Although previous studies have established that cizolirtine (5-([(N,N-dimethylaminoethoxy)phenyl]methyl)-1-methyl-1H-pyrazol citrate) is a potent analgesic in rodents, its mechanism(s) of action remain(s) unclear. In vitro and in vivo approaches were used to assess whether cizolirtine could affect the spinal release of two pain-related neuropeptides, substance P (SP) and calcitonin gene-related peptide (CGRP), in rats. Cizolirtine significantly reduced the K(+)-evoked overflow of both the SP-like material (SPLM; -25% at 0.1 microM--0.1 mM) and CGRPLM (-20% at 0.1--1.0 microM) from slices of the dorsal half of the lumbar enlargement of the spinal cord. Intrathecal perfusion in halothane-anaesthetized rats showed that local application of cizolirtine markedly diminished the spinal outflow of SPLM (up to -50% at 0.1 mM) but only marginally that of CGRPLM. Systemic administration of cizolirtine at an analgesic dose (80 mg/kg i.p.) also reduced spinal SPLM outflow (-50%) but not that of CGRPLM. Under both in vitro and in vivo conditions, idazoxan (10 microM) antagonized the effects of cizolirtine on SPLM and CGRPLM release, suggesting their mediation through alpha(2) adrenoceptors.

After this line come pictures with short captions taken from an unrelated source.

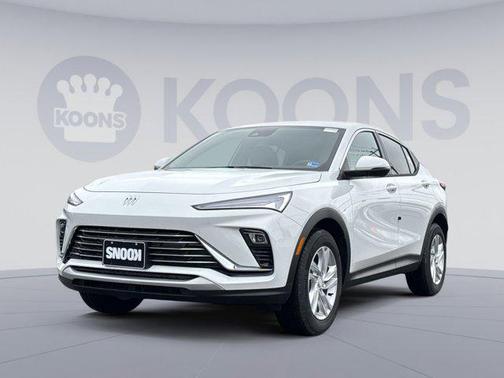 2026 Buick Envista Preferred FWD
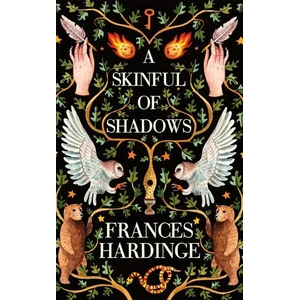 ISBN A Skinful Of Shadows pas cher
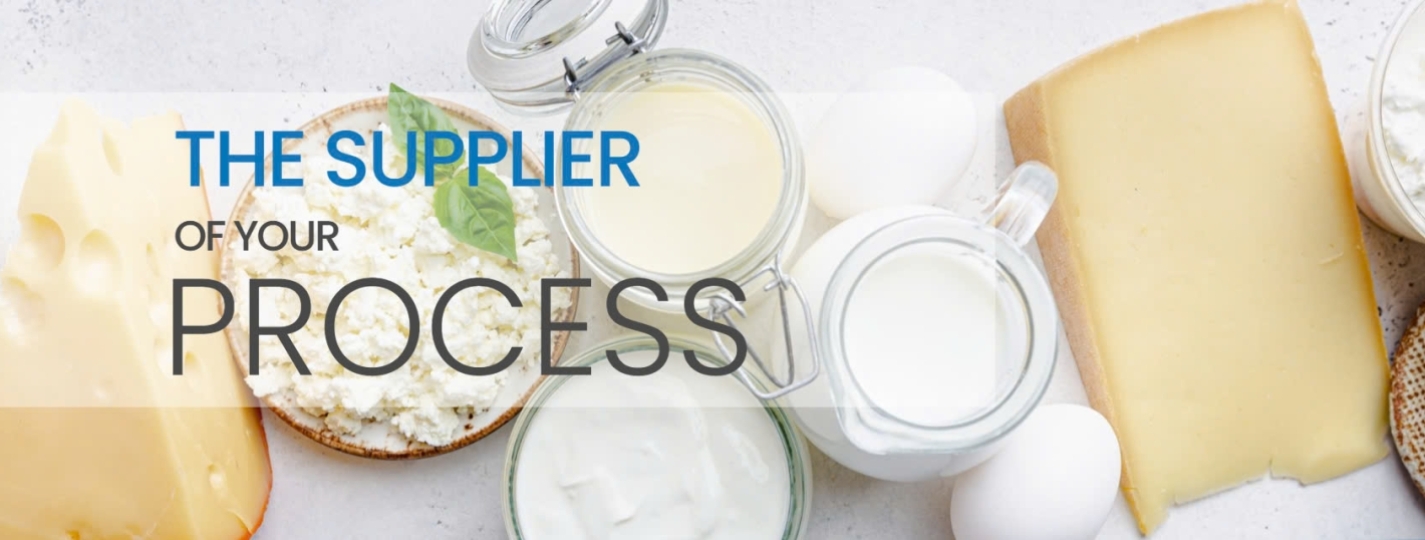 PARTNER INSTEAD OF SUPPLIER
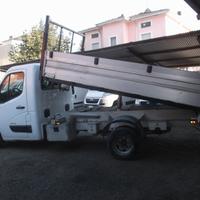RENAULT MASTER RIBALTABILE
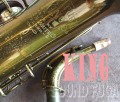 KING　Voll TrueII　希少オリジナルラッカー　アルトサックス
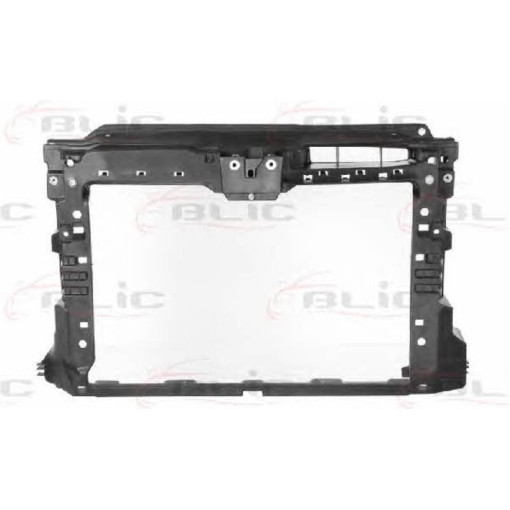 Передняя панель кузова (в сборе з кондиціонером) VW JETTA 04.10-09.14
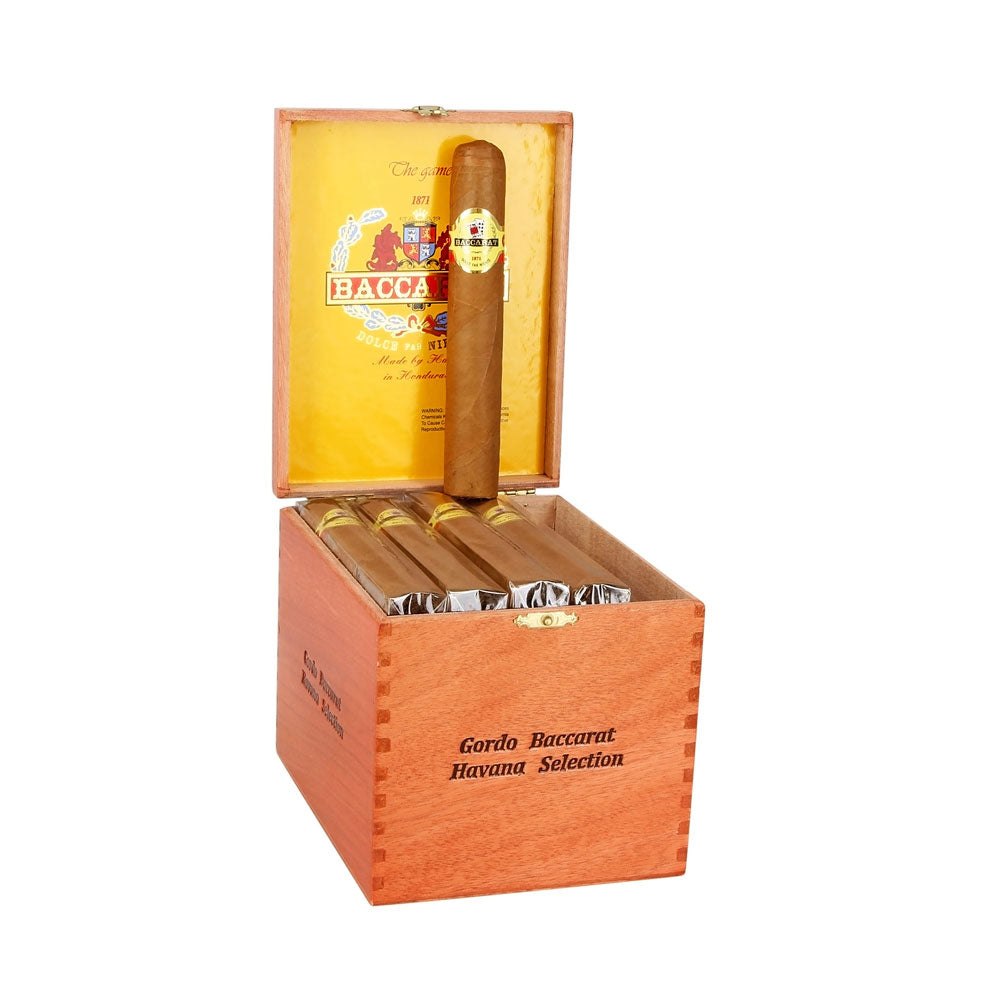 Baccarat Havana The Game Gordo
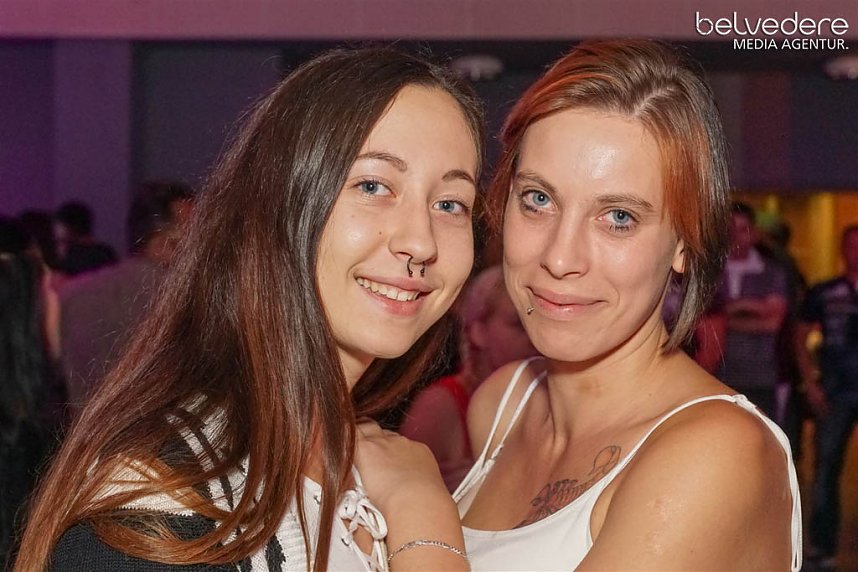 Party im Jugendclubhaus in Nordhausen - der Samstag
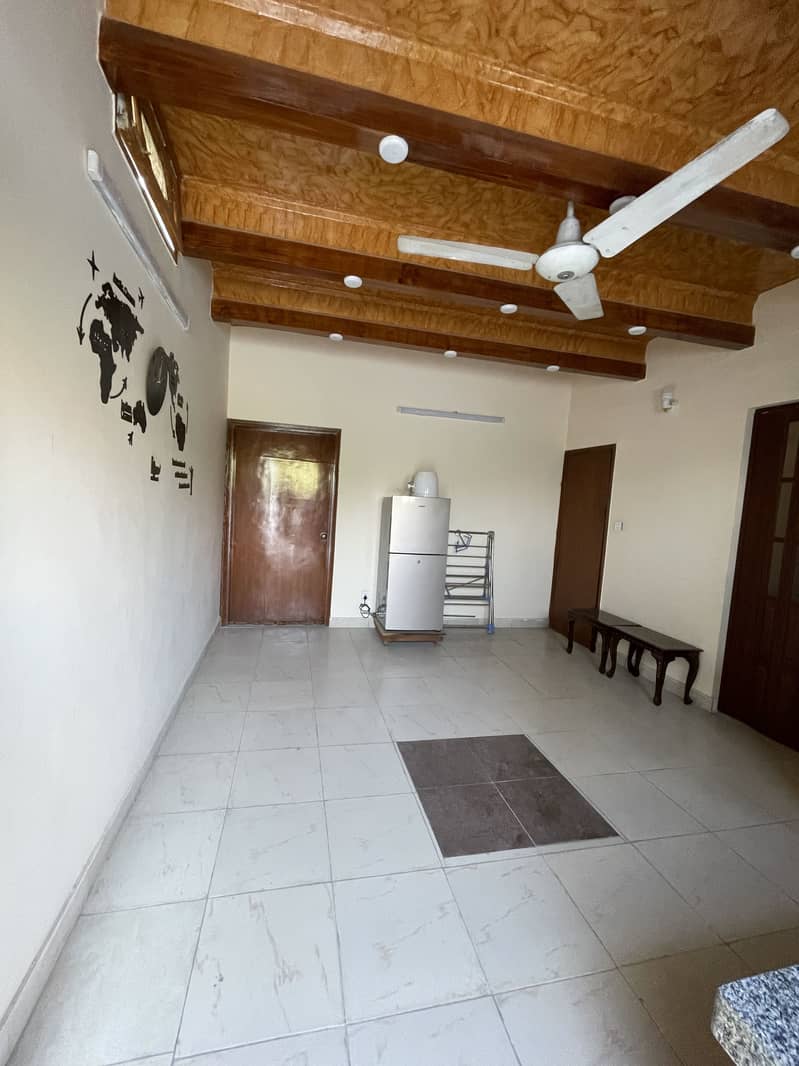 Second floor portion for rent 7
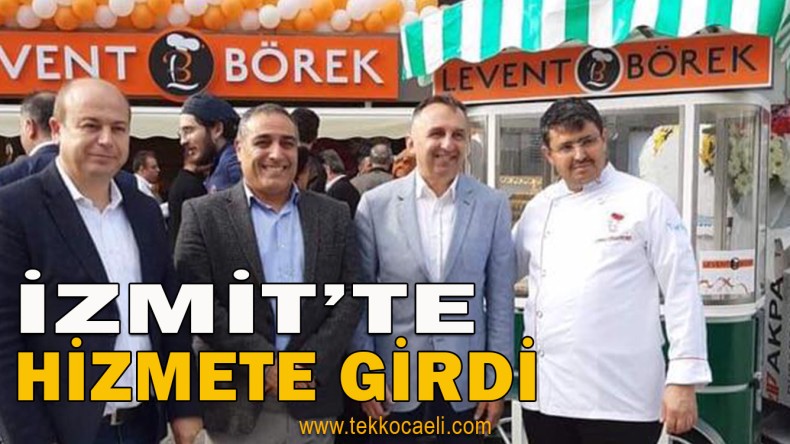 Levent Börek, Yahya Kaptan’da Açıldı
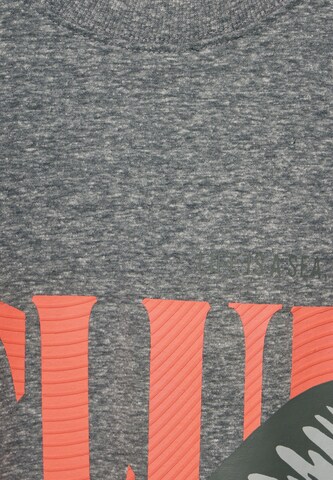 Street One MEN Shirt in Grey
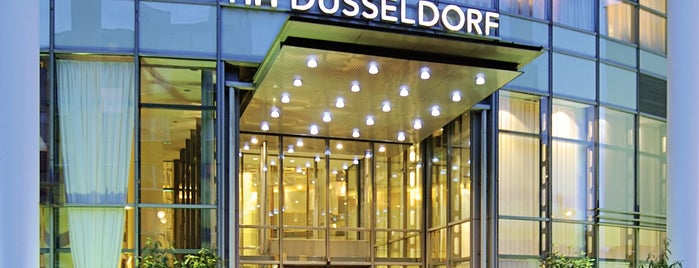 Hotel NH Düsseldorf City is one of Beyond Tellerand.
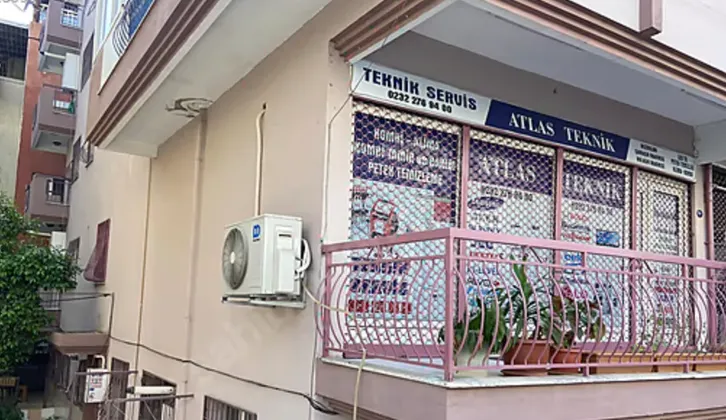 Buca Akıncılarda Satılık Dükkan
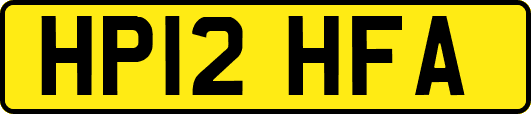 HP12HFA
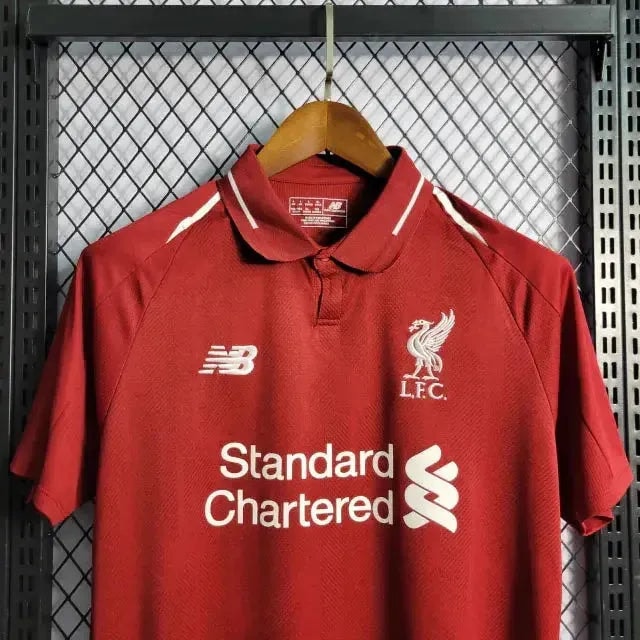 Jersey Liverpool 2018/19 I Retro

尽管先前的研究已证实西佐利定(5-([(N,N-二甲基氨基乙氧基)苯基]甲基)-1-甲基-1H-吡唑柠檬酸盐)在啮齿动物中是一种强效镇痛药,但其作用机制仍不清楚。采用体外和体内方法评估西佐利定是否会影响大鼠脊髓中两种与疼痛相关的神经肽——P物质(SP)和降钙素基因相关肽(CGRP)的释放。西佐利定显著降低了脊髓腰膨大背侧半切片中K⁺诱发的SP样物质(SPLM;0.1微摩尔至0.1毫摩尔时降低25%)和CGRPLM(0.1至1.0微摩尔时降低20%)的溢出。在氟烷麻醉的大鼠中进行鞘内灌注表明,局部应用西佐利定可显著减少SPLM的脊髓流出量(0.1毫摩尔时高达-50%),但对CGRPLM的减少作用很小。以镇痛剂量(80毫克/千克腹腔注射)全身给药西佐利定也可减少脊髓SPLM流出量(-50%),但对CGRPLM无此作用。在体外和体内条件下,咪唑克生(10微摩尔)均拮抗西佐利定对SPLM和CGRPLM释放的作用,提示其通过α₂肾上腺素能受体介导。